BEGIN AVAILABLE DATA
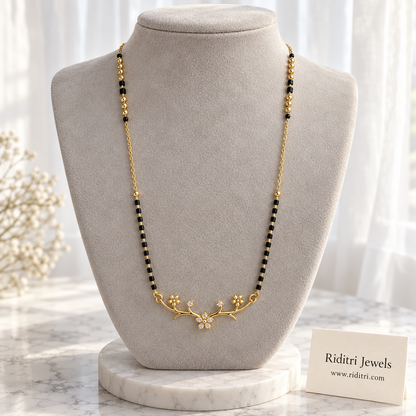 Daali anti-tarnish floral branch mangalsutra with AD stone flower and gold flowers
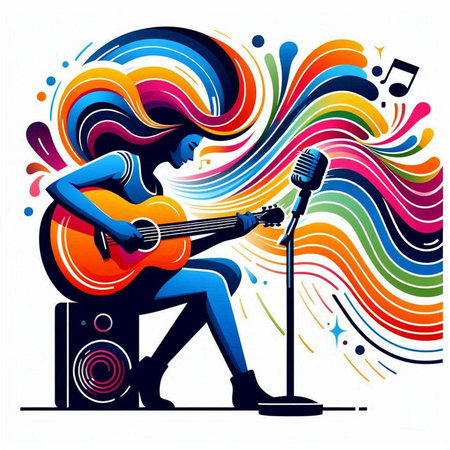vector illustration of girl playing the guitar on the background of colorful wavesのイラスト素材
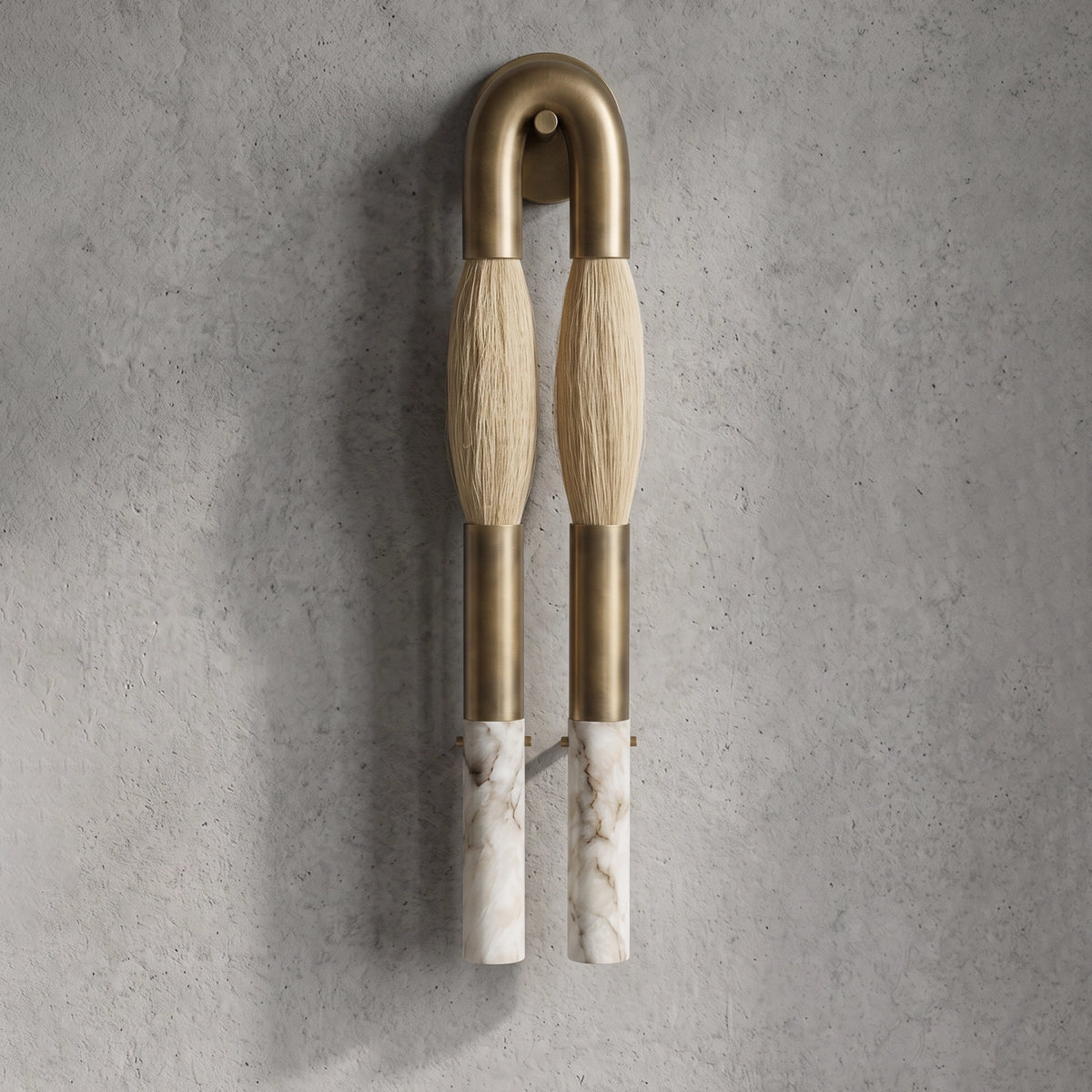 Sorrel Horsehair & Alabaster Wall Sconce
END AVAILABLE DATA
Write the data above out exactly. Leave out any pictures.

 Daali anti-tarnish floral branch mangalsutra with AD stone flower and gold flowers
vector illustration of girl playing the guitar on the background of colorful wavesのイラスト素材
 Sorrel Horsehair & Alabaster Wall Sconce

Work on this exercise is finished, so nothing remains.